[Bf-committers] Proposal for handling string encoding in blender.

Sat Aug 28 15:28:22 CEST 2010

Writing to follow up on this topic.
Committed utf8 limits for data names with an exception for filepaths -
applies to the UI and PyAPI, but found some interesting things while
working on this.

Python has a number of error callbacks to handle incompatible chars
when encoding and decoding.
from C/API.
- PyUnicode_EncodeUTF8(PyUnicode_AS_UNICODE(u), PyUnicode_GET_SIZE(u),
"surrogateescape");
- PyUnicode_DecodeUTF8(str, strlen(str), "surrogateescape");
See http://docs.python.org/py3k/library/codecs.html#codecs.register
for more info.

This means an invalid unicode char gets converted to something like \u2345

This makes the whole problem seem very simple, use these as fallbacks
for _PyUnicode_AsString and PyUnicode_FromString and we ALWAYS get a
valid string from ANY C, *char array (tested with random byte arrays).

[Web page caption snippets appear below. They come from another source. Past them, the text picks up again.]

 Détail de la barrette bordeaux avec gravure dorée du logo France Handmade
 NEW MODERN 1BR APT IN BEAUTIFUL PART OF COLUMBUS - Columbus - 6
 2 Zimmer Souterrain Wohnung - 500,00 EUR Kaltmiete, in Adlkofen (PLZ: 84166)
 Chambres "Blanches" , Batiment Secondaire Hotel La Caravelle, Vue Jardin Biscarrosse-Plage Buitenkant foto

So I converted the rna api to use these and all was fine, you can
assign invalid unicode values like this.

  bpy.context.object.name = "num\udce9ro"
# rather then "numéro", but they are the same internally/

This works for getting and setting rna but I wasn't able to use these
strings - print, writing to a file would raise errors, So basically
the problem is moved to python.

The most simple way I could find to print an object named
"num\udce9ro" was this...
  print(somestring.encode("ASCII", "surrogateescape").decode("ASCII", "ignore"))
...even this has unicode chars striped so its not that useful if you
want a unique value.

So unless I'm missing something It seems this is such a pain to deal
with these strings in python that it would be better to use byte
arrays. - b"EvertStringHasA_b_prefix".
Since if we allow these strings script writers would just ignore this
corner case and we'd get bug reports about it every so often.

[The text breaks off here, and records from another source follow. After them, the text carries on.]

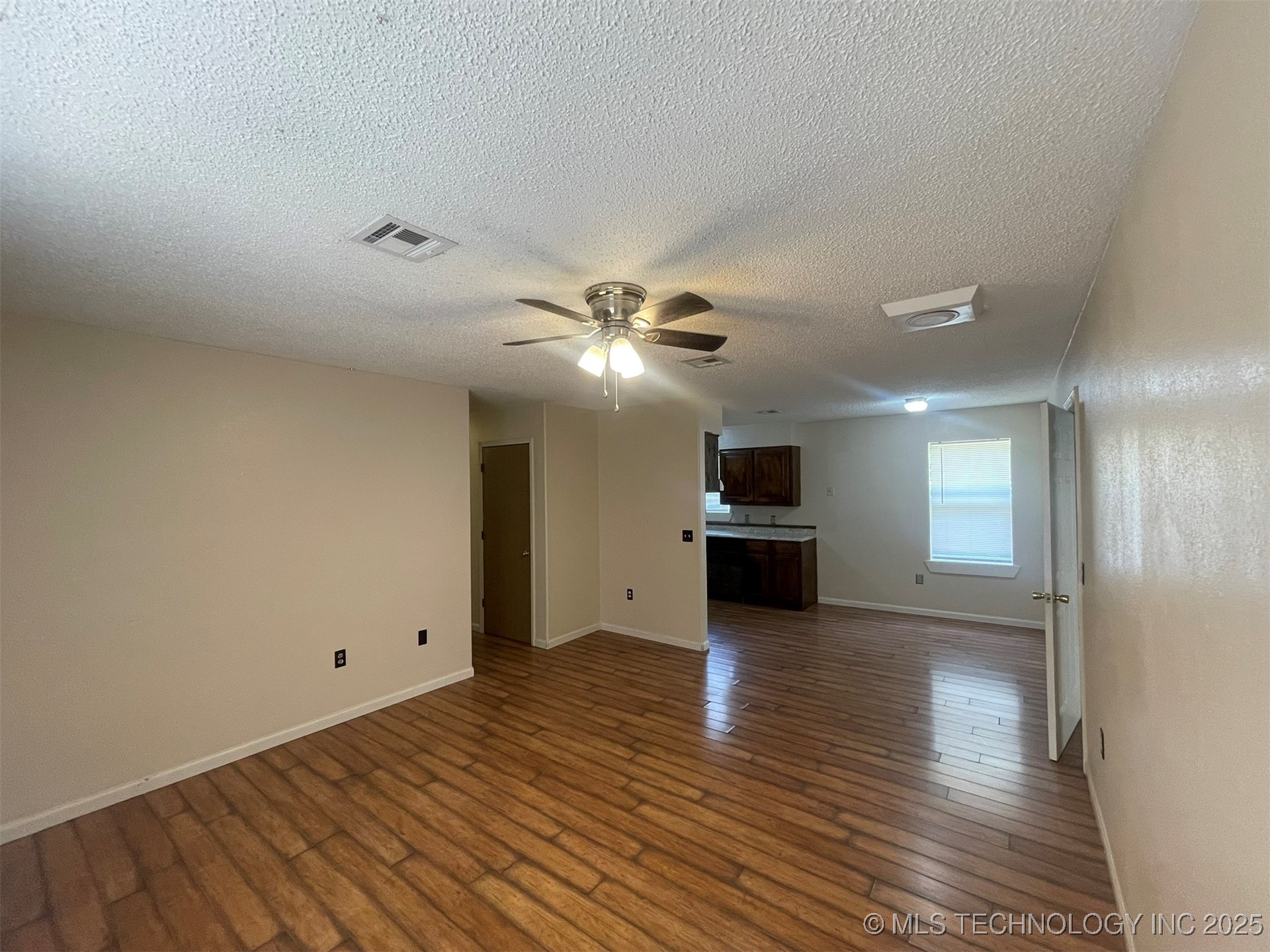 13068 N 418 Road Property Photo 9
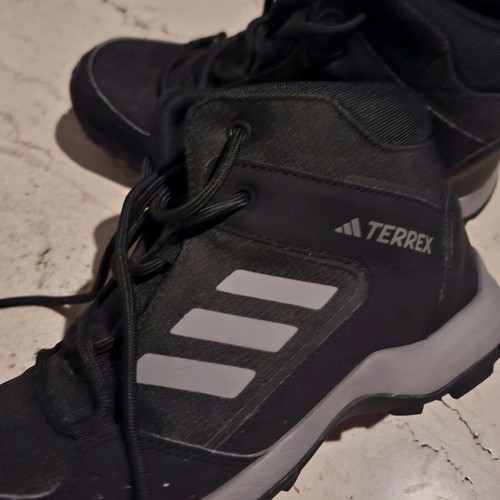 Adidas Terrex hiking boots like new, size 36, black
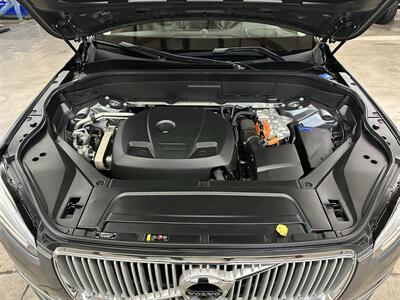 2016 Volvo XC90 T8 eAWD Inscription  Plug In Hybrid - Photo 8 - Portland, OR 97220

This lead me to the come back to the conclusion to enforce utf8 for
all data names.

Nevertheless these annoying strings still have to be taken into
account with paths, an example of the problem is the OBJ exporter can
write to the path but throws an error when trying to print() it or
write to a file.

The only thing thats left to do is go over the scripts and make sure
they work with non-utf8 paths and make sure new ID names derived from
paths are stripped.

- Campbell

On Sat, Aug 14, 2010 at 4:30 AM, Roger Wickes <rogerwickes at yahoo.com> wrote:
> I think that if you save "numéro" in your .blend, it does not matter what the OS
> UTF is;
> when you enter it into like the text editor or a field within the Blender UI,
> it only matters what the str function in Blender (that is processing that field)
>
> does when it is reading that field and saving it.
>
> I suggest that all string functions in Blender use UTF8 encoding,
> and save strings internally as a UTF8 array,
> so that the accent is preserved if you enter it as say, a mesh name.
>
> OS dependency is only relevant when, say, creating a folder or file. For that,
> Blender should use OS-defaultencoding as Campbell has said, when dealing with
> filenames and the absolutely idiotic slash/backslash conflict we have today. All
> OS encodings will respect your "numéro" as a filename/dirname/username, afaik.
>
>  --Roger
>
>
>
>
> ----- Original Message ----
> From: Elia Sarti <vekoon at gmail.com>
> To: bf-blender developers <bf-committers at blender.org>
> Sent: Fri, August 13, 2010 6:47:01 AM
> Subject: Re: [Bf-committers] Proposal for handling string encoding in blender.
>
> The point is that different systems use different encodings. UTF-8 is
> just one way to encode multibyte characters, UTF-16 is another for
> instance (and there are hundreds others).
>
> Means if you save "numéro" in your .blend on an OS using utf-8 and
> someone opens it in one using utf-16 then the string is incompatible.
>
> I say +1 to this with an addendum.
> To some extent encoding can be detected and thus converted, would it be
> hard to do so for strings in the .blend? Of course only for a limited
> collection, I'd say utf-8 <-> utf-16 would probably suffice as I believe
> many linux distros use utf-8 while windows and mac use utf-16, so this
> would cover the majority of cases.